— TASK STATEMENT —
Give the data back exactly. Leave out any images.

— SUPPLIED DATA —
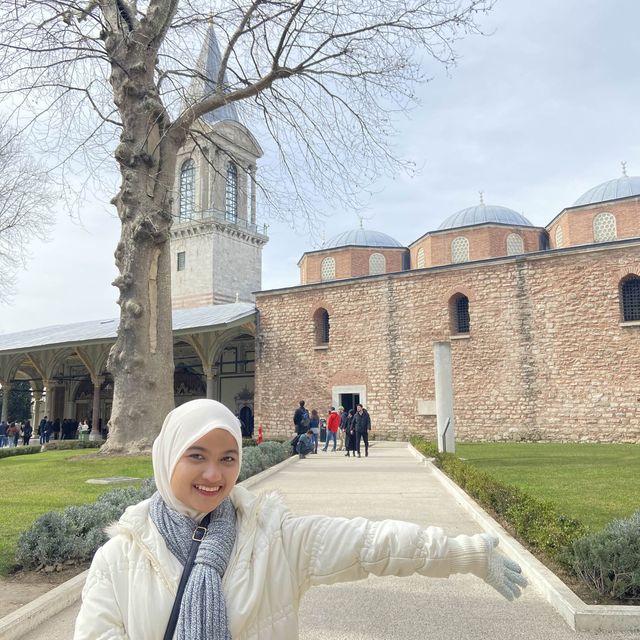 Unveiling Majesty: Discovering Topkapi Palace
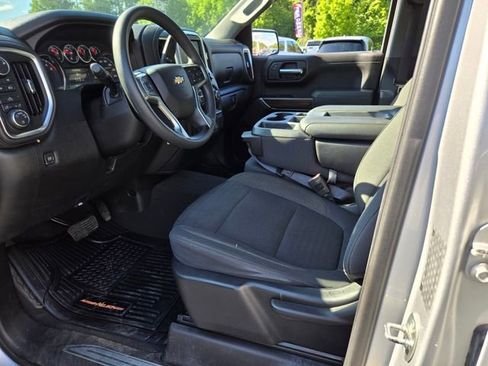 Used 2019 Chevrolet Silverado 1500 LT AWD/4WD image 11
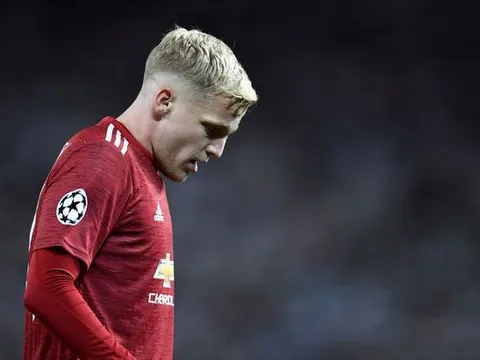 Vấn đề của Van de Beek tại Man Utd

— FINAL ANSWER —
 Unveiling Majesty: Discovering Topkapi Palace
 Used 2019 Chevrolet Silverado 1500 LT AWD/4WD image 11
 Vấn đề của Van de Beek tại Man Utd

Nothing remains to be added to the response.